• [Task instructions] With pictures excluded, give again exactly the lines running from the one holding "Youth Heritage Performance Polo" through the end of the listing below.

• [Exercise data]

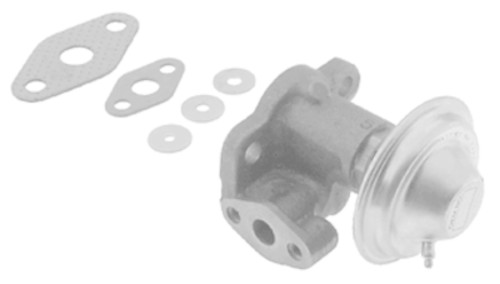 ACDELCO GOLD/PROFESSIONAL - Exhaust Gas Recirculation (EGR) Valve - DCC - 214-9068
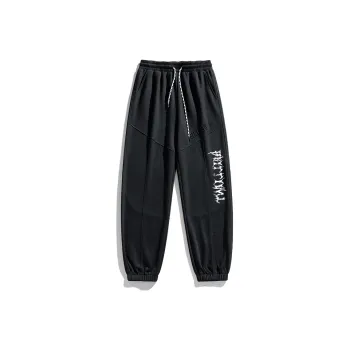 Ferrero Ross x FUERZA Casual Pants Unisex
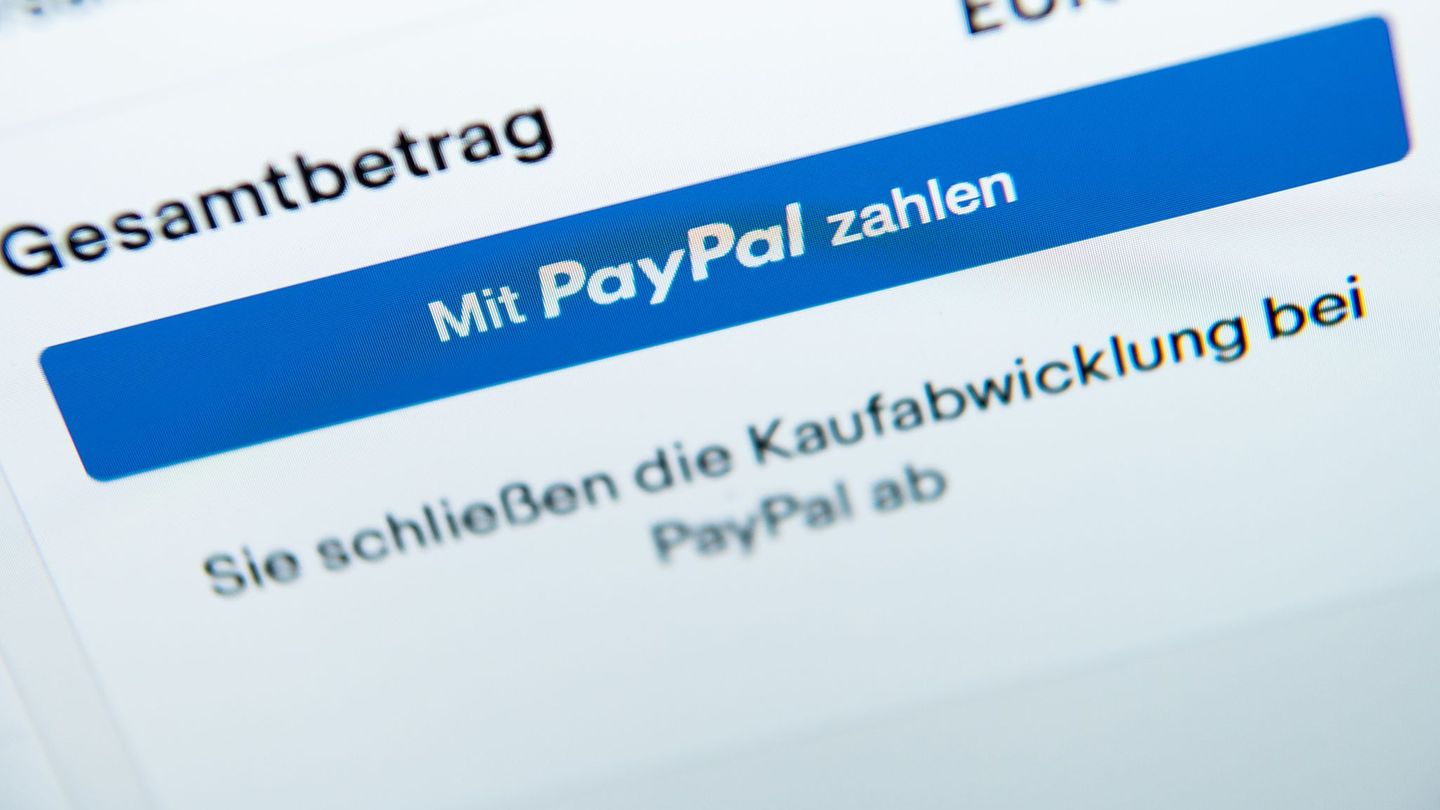 Betrug: Polizei warnt vor Betrug bei privaten Internet-Käufen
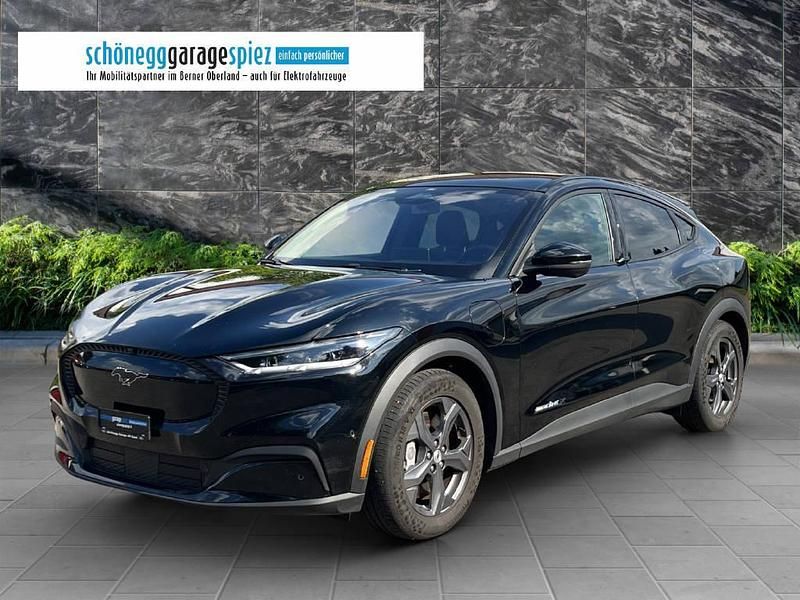 Gebraucht Ford Mustang Mach-E 220 kW (300 PS) 2021 SUV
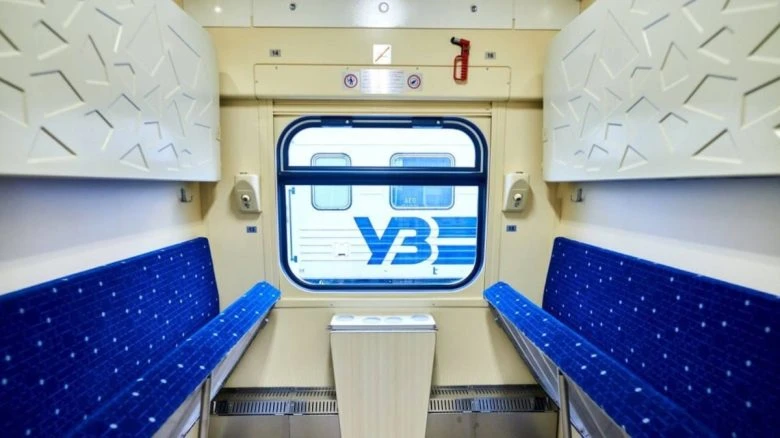 Укрзалізниця змінила процеси через збій в онлайн-продажу квитків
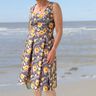 Kleid Martine Gr. 34-46 Schnittmuster thumbnail number 6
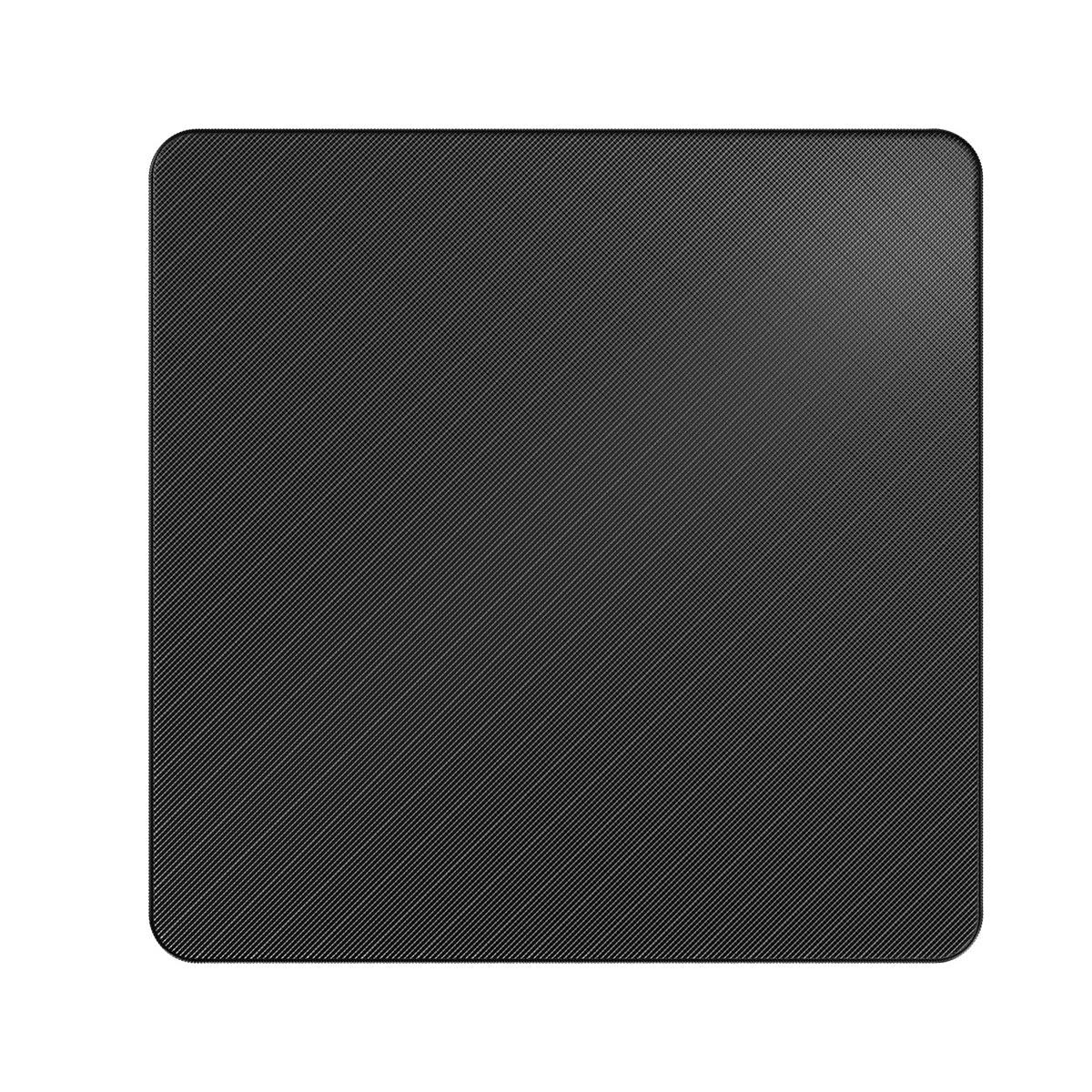 Pulsar x LGG Hyperion Gaming Mousepad Soft  - XL SQ (Black, Midnight Slate) (PLHPXLSSB, PLHPXLSSG) - Image 5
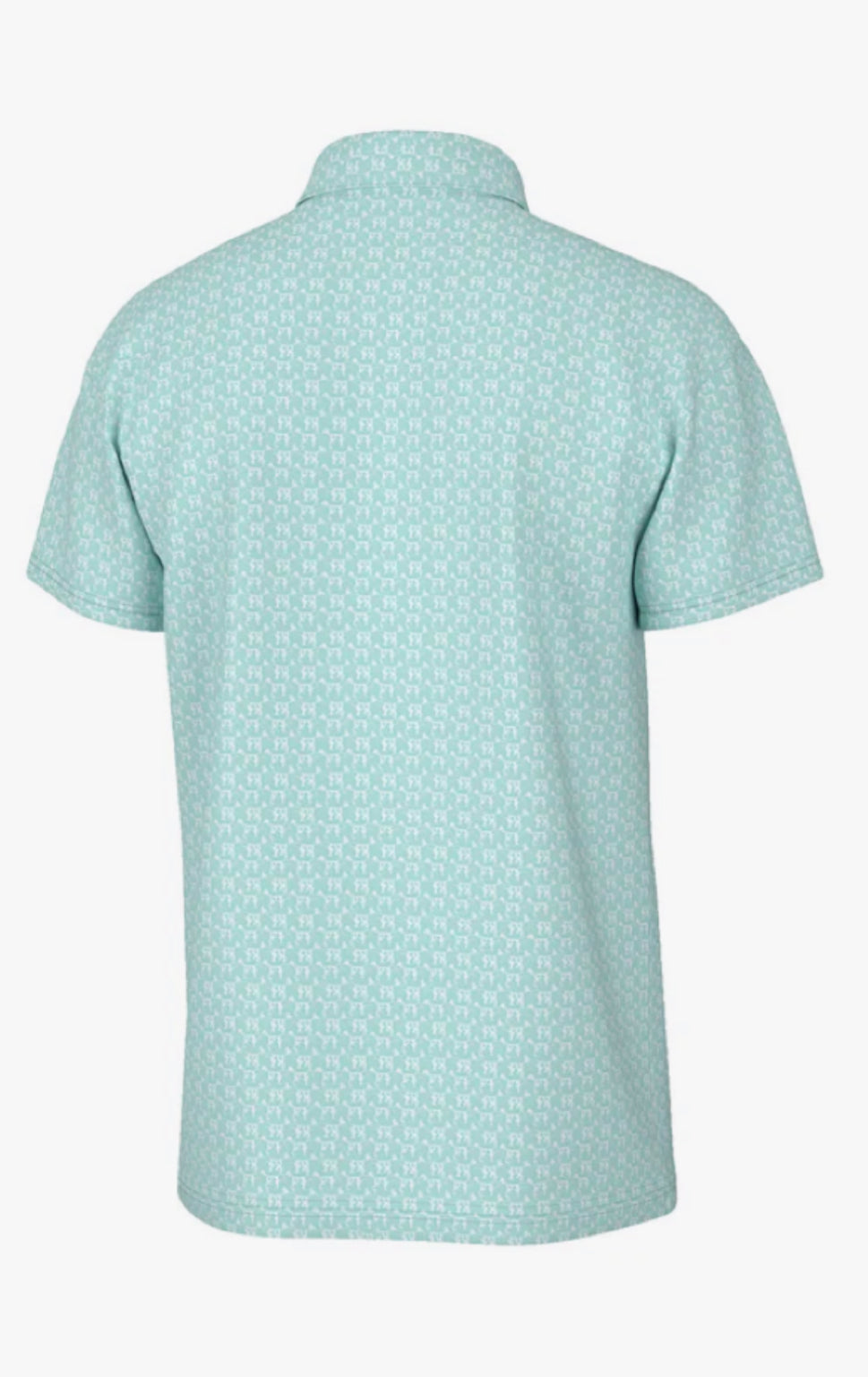 Youth Heritage Performance Polo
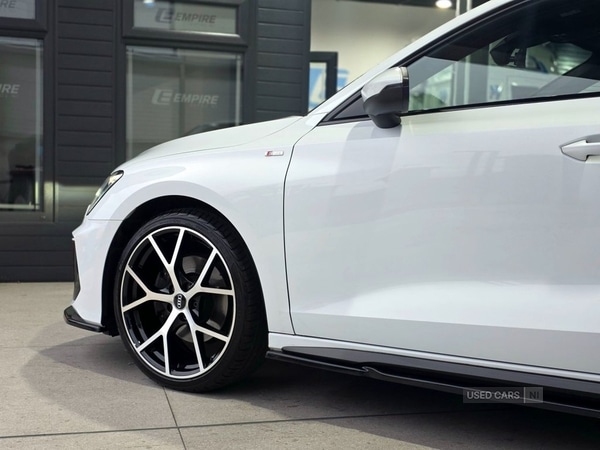 Used Audi A3 2021 for sale - 76248263: Photo 9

• [Exercise result]
 Youth Heritage Performance Polo
 Used Audi A3 2021 for sale - 76248263: Photo 9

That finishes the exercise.